By the time the 1960 Presidential election approached, both political parties had become aware that the racial issue could not be ignored. In several Northern states, Afro-Americans held the balance of power in close elections. Also, by that year, over a million Afro-Americans had become eligible to vote in the Southern states. John F. Kennedy, the Democratic candidate, easily out-maneuvered his Republican opponent, Richard M. Nixon, in the search for Afro-American votes. Kennedy had projected an image of aggressive idealism which captured the imagination of white liberals and of Afro-Americans.
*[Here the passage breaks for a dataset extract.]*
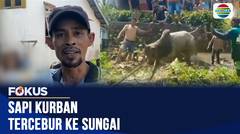 Sapi Mengamuk dan Tercebur ke Sungai Saat Hendak Diturunkan dari Pikap di Palembang | Fokus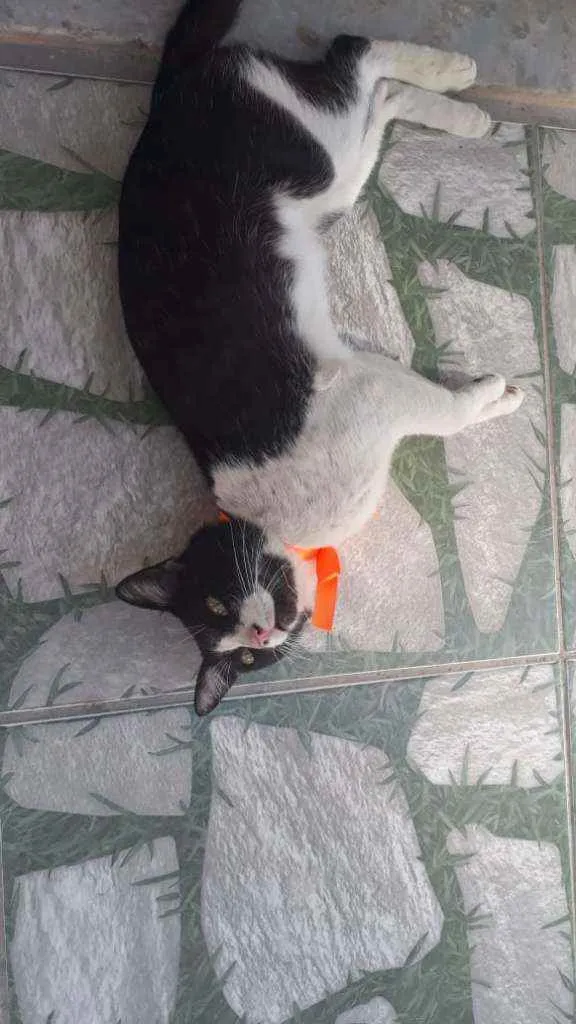 Gato ra a Comum idade 1 ano nome Nino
The move which guaranteed the support of most Afro-Americans for Kennedy came in October, a mere three weeks before the election. Martin Luther King, Jr., and several other Negroes had been arrested in Atlanta, Georgia, for staging a sit-in at a department store restaurant. While the others were released, King was sentenced to four months at hard labor. Kennedy immediately telephoned his sympathy to Mrs. King. Meanwhile, his brother and campaign manager, Robert Kennedy, telephoned the judge who had sentenced him and pleaded for his release. The next day, King was freed. The news was carefully and systematically spread throughout the entire Afro-American community. When Kennedy defeated Nixon in November, Afro-Americans believed that their vote had been the deciding factor in the close victory.
Two months after Kennedy took office, C.O.R.E., under the leadership of James Farmer, began an intensive campaign, involving "freedom rides." Scores ind scores of whites and blacks were recruited from Northern cities and sent throughout the South to test the state of desegregation of travel facilities as well as of waiting rooms and restaurants. As the campaign reached a climax, Attorney General Robert Kennedy became annoyed with its intensity. Apparently, he had hoped that the direct actionists would wait for the new Administration to take the lead in Civil Rights. Instead, they chose to try to make the new Administration live up to the image which it had projected. Kennedy requested a cooling-off period, but the freedom riders would not listen. But when the freedom riders were attacked in Montgomery, Alabama, without receiving adequate local police protection, Kennedy sent six hundred federal marshals to escort them on the rest of their pilgrimage.
The year 1963 was a target date for the Civil Rights Movement. It was the centennial of the Emancipation Proclamation, and the Movement adopted the motto, "free in '63." In the spring, the S.C.L.C. spearheaded a massive campaign in Birmingham for desegregation and fair employment. Marches occurred almost daily. The marchers maintained their nonviolent tactics in the face of many arrests and much intimidation. In May, when the police resorted to the use of dogs and high-pressure water hoses, the nation and the world were shocked, Sympathy demonstrations occurred in dozens of cities all across the country, and expressions of indignation resounded from all around the world. In June, the head of Mississippi's N.A.A.C.P., Medgar Evers, was shot in the back outside his home and killed. Scores of sympathy demonstrations again reverberated throughout the country. Violence in the South was on the increase.